I do not think that, at the time, there was any malign motive on the part of PPUK; on the contrary I believe that it was trying to ensure that the changes it wished to make were fair and reasonable to all its employees. It took all necessary professional advice, both legal and actuarial, and the method adopted was approved by all concerned, including the then trustees. The fact that it wanted to make the changes so as to improve its balance sheet is actually irrelevant to whether it was carried out lawfully, fairly and properly, including without misleading anyone or pressuring the members to do one thing or another. There was no opposition from any quarter at the time and it was only when the Scheme was being prepared for a buy-out that these possible attacks on the transfer and conversion were appreciated.
It is inevitable that after 30 years the evidence may simply not be available to establish that every ‘i’ was dotted and ‘t’ crossed. But this does not mean that the Deeds were invalid or that they should now be set aside. The fact that the evidence appeared incomplete should not mean that every issue is taken to trial, at the expense of the Company, and there should in my view have been more concentration on the more realistic issues, such as the effect of the Proviso. I think this stemmed from a deep conviction that PPUK and now the Company were doing everything to deprive the Under 40s of their rightful pension benefits. But I do not think that charge can be fairly levelled at them and they were entitled to do what they did and defend their position in the way they have.
In conclusion therefore I find that the 1992 Deed validly established the MP section and that the transfer and conversion of the FS benefits of the Under 40s and those of the 40-44s who chose to transfer to MP benefits was valid. The conversion itself did not breach the Proviso but the RB and those he represents are entitled to the final pensionable salary underpin to operate in the manner I have described above.
I find against the RB on all relevant Age Discrimination Issues and the Trustee is not required to make any adjustments to benefits in such respect.

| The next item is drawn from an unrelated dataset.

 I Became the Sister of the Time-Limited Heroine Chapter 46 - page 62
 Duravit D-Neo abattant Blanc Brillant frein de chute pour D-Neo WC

Finally I thank counsel and their legal teams again for their helpful and insightful submissions and for the manner of their conduct of this trial. I hope that an order can be agreed between the parties as a result of my findings in this judgment but if there are other matters consequential on the judgment, such as interest, which I have left open for the time being, I would be happy to hold a further hearing to resolve them, if they cannot be dealt with on paper.